SPARTANBURG, South Carolina (Reuters) - Republican candidates vowed on Saturday to stop Iran from developing an atomic bomb if they became president but differed over how to do it in a debate that tested their knowledge of world hotspots.
The economy has been the No. 1 issue for the 2012 campaign, so the CBS News/National Journal debate was a rare opportunity to hear the candidates explain how they would handle the job as commander in chief.
The candidates made no major stumbles at the 90-minute gathering, but their deep differences were reflected, such as how quickly to bring U.S. troops home from Afghanistan, whether Pakistan deserves U.S. assistance, and if waterboarding should be brought back for terrorism suspects.

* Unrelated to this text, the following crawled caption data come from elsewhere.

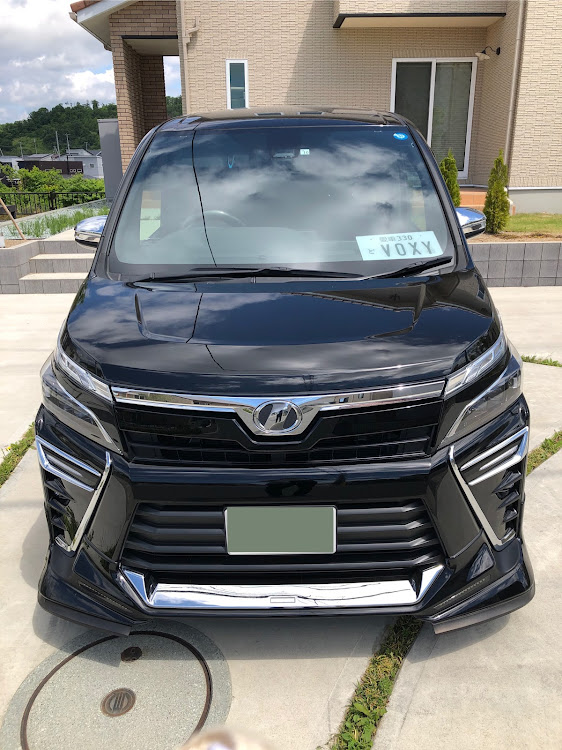 ヴォクシーのヴォクシー・TRD・モデリスタに関するカスタム事例の投稿画像1枚目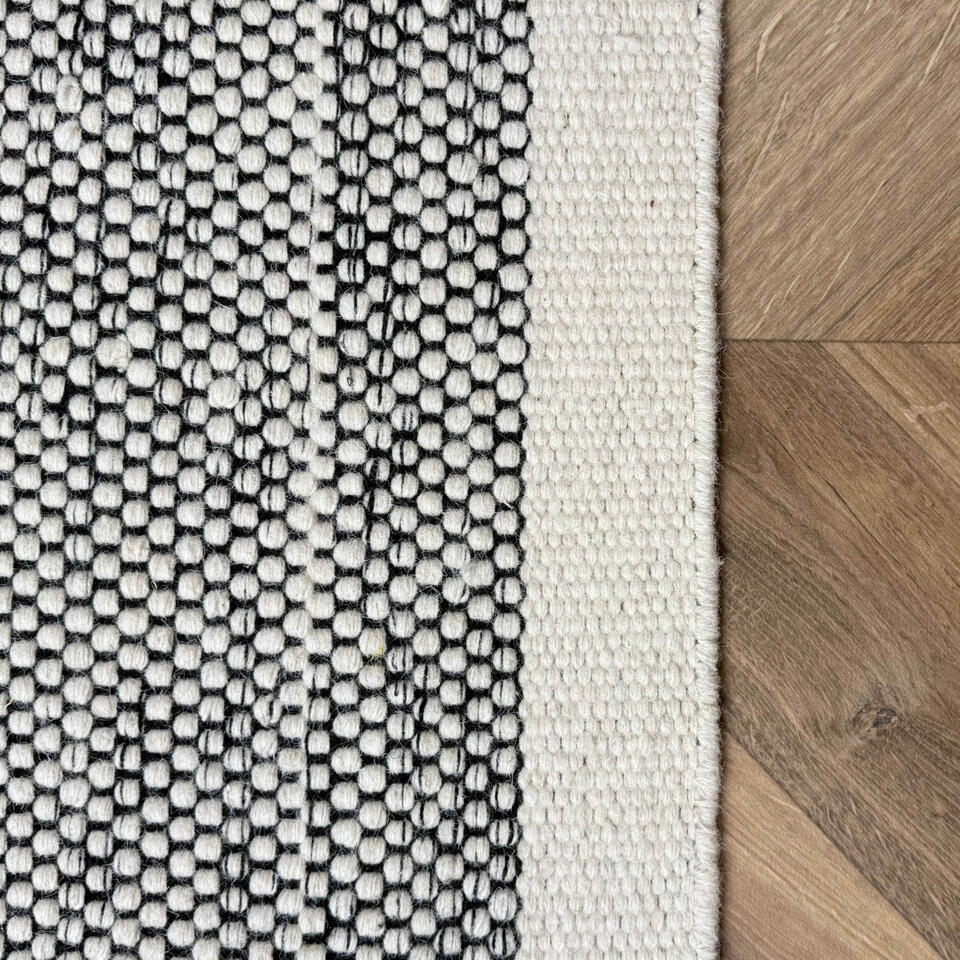  Interieur05 Wollen Vloerkleed Taff Zwart/wit - 160 X 230 Cm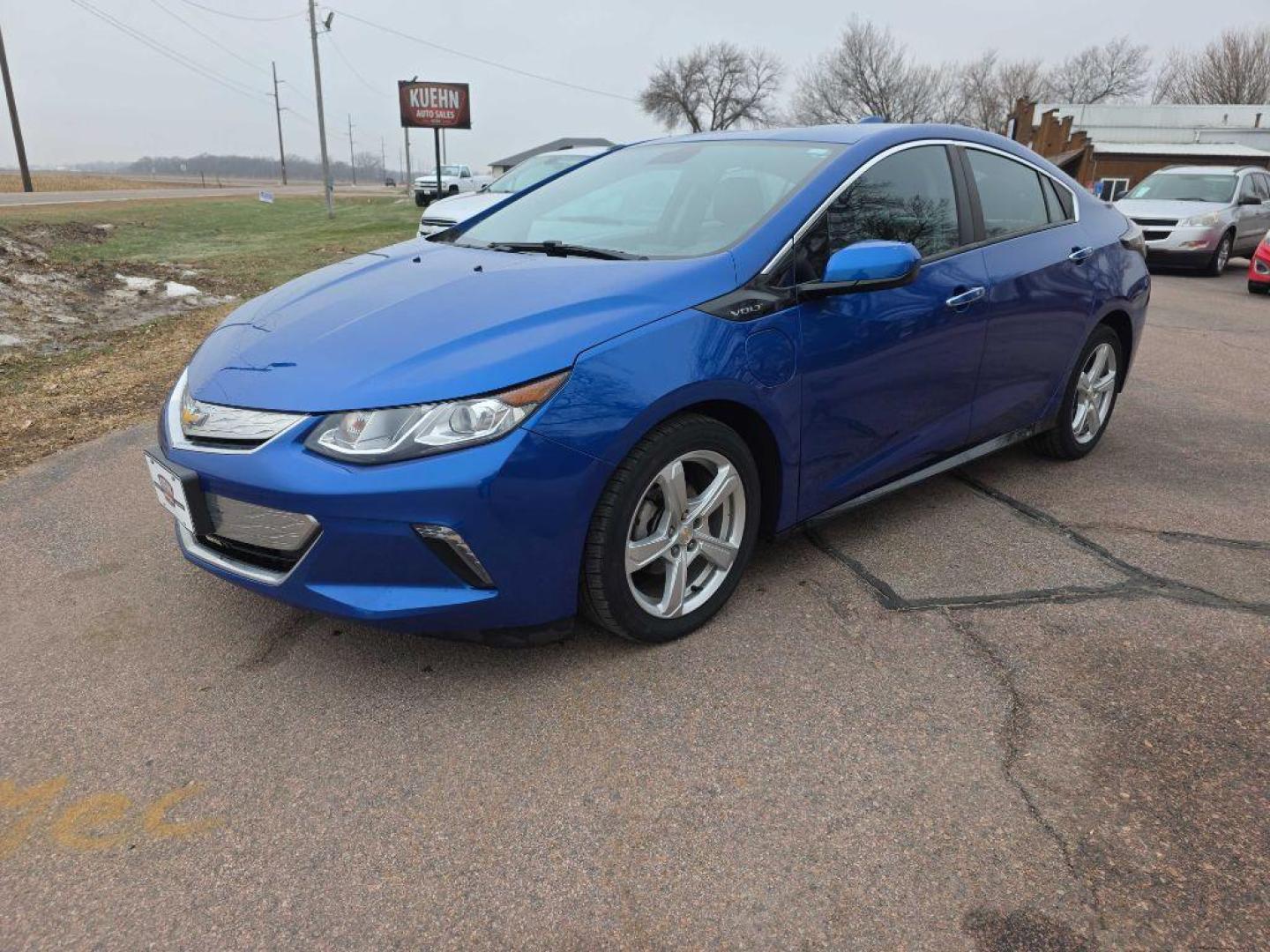 2017 BLUE CHEVROLET VOLT LT (1G1RA6S50HU) with an 1.5L engine, Automatic transmission, located at 495 Old Highway 20 West, South Sioux City, NE, 68776, (402) 494-2677, 42.458408, -96.443512 - Photo#0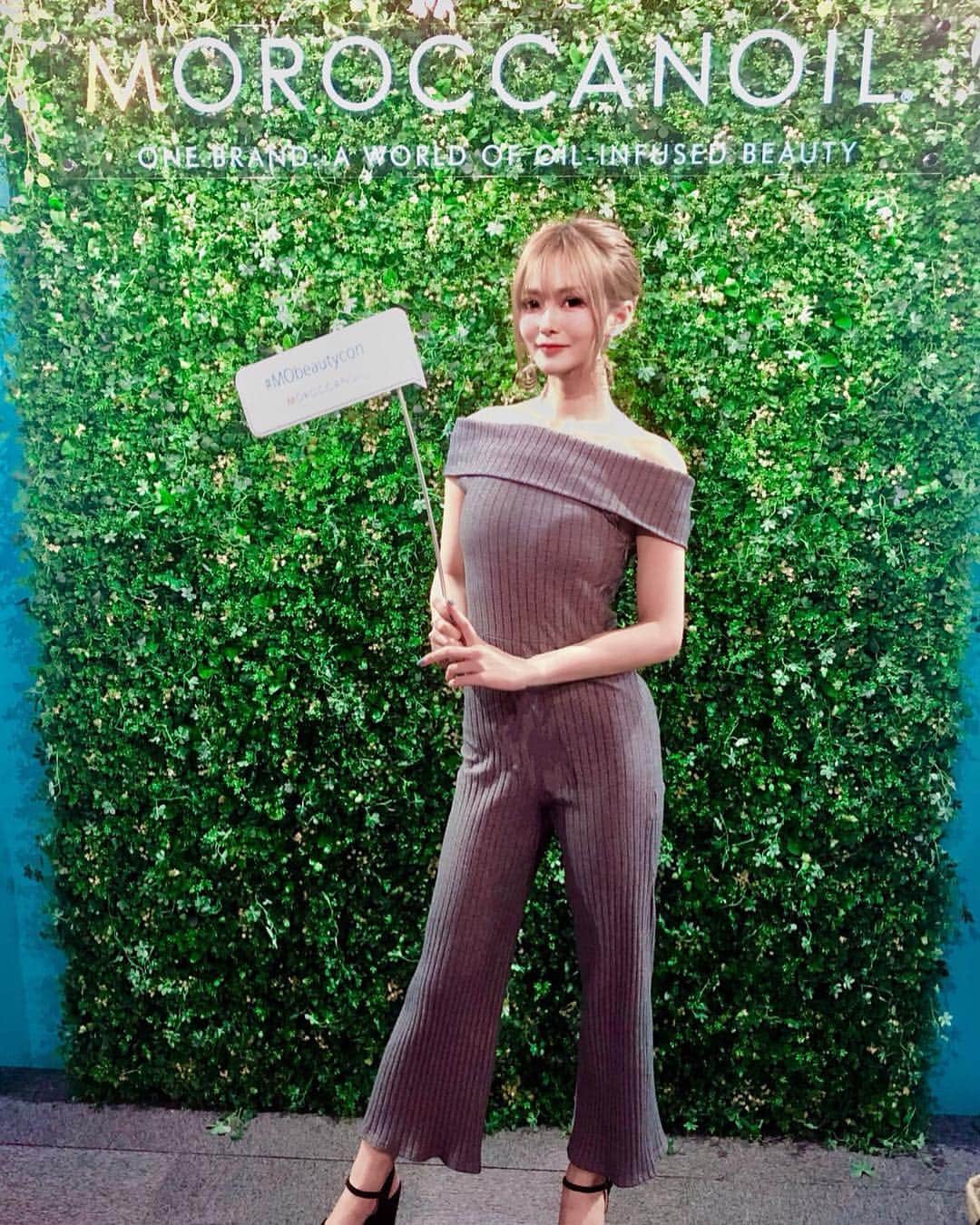のインスタグラム：「US発の大型ビューティーイベント @beautycon に行ってきました‪⸜❤︎⸝‬ 色々なコスメが試せてフォトブースも沢山だったよ🌟 可愛いコスメって見るだけでわくわくするよね🐻🌼💗 お土産もすごく豪華で早く使うの楽しみ💄💗 #beautycontokyo#pr#beauty#cosmetics#メイク#コスメ#美容#イベント#渋谷#l4l#followme#instagood#makeup#make#model#ハーフ#moroccanoil#lanvin#lb#nyx#ヘアアレンジ」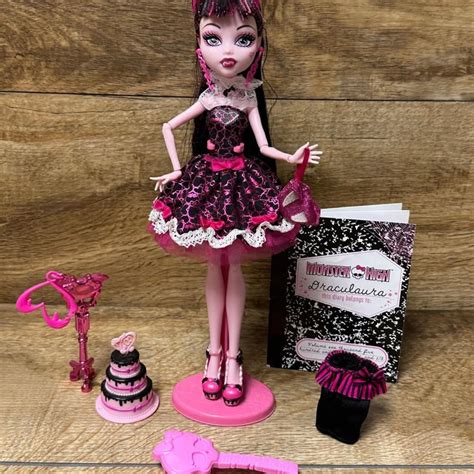 Monster High Sweet 1600 Draculaura Complete Monster... | Depop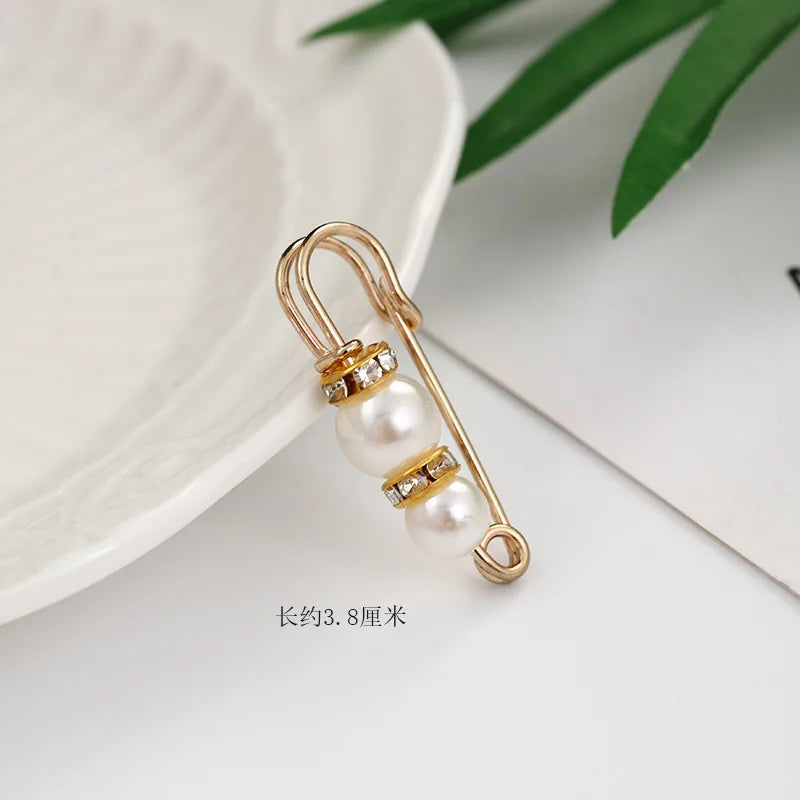 Women New Skirt Waist Artifact Waist Pin Cute Imitation Pearl Rhinestone Brooch Anti-lighting Pin Jewelry H1379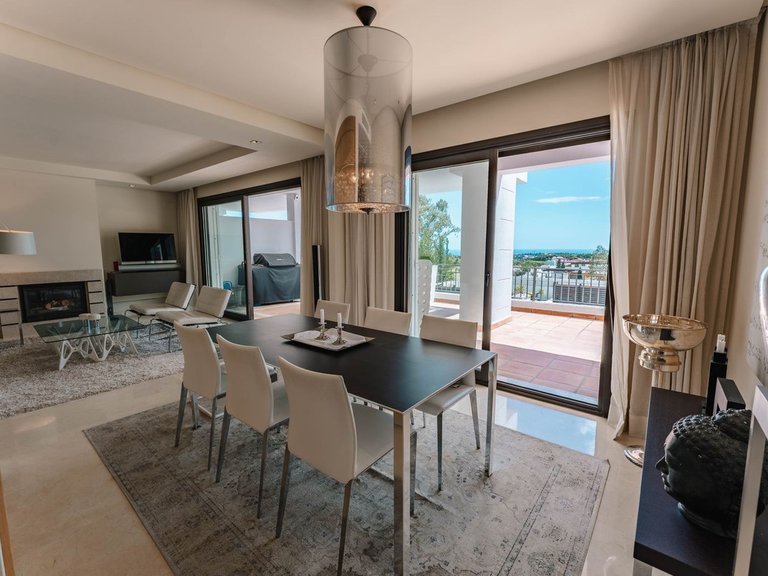 Apartment for Sale in La Quinta, Malaga 8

None of the eight candidates has much foreign policy experience, save for former U.S. Ambassador to China Jon Huntsman, but they all criticized Democratic President Barack Obama, whom they want to replace in the 2012 election.
Former Massachusetts Governor Mitt Romney laid out in stark terms what he would do about Iran's alleged pursuit of nuclear weapons.
Romney said he would pursue tough economic sanctions and make clear the United States would be willing to go to war to stop Iran from getting a nuclear weapon.
"Look, one thing you can know and that is if we re-elect Barack Obama, Iran will have a nuclear weapon. And if we elect Mitt Romney, if you elect me as the next president, they will not have a nuclear weapon," he said.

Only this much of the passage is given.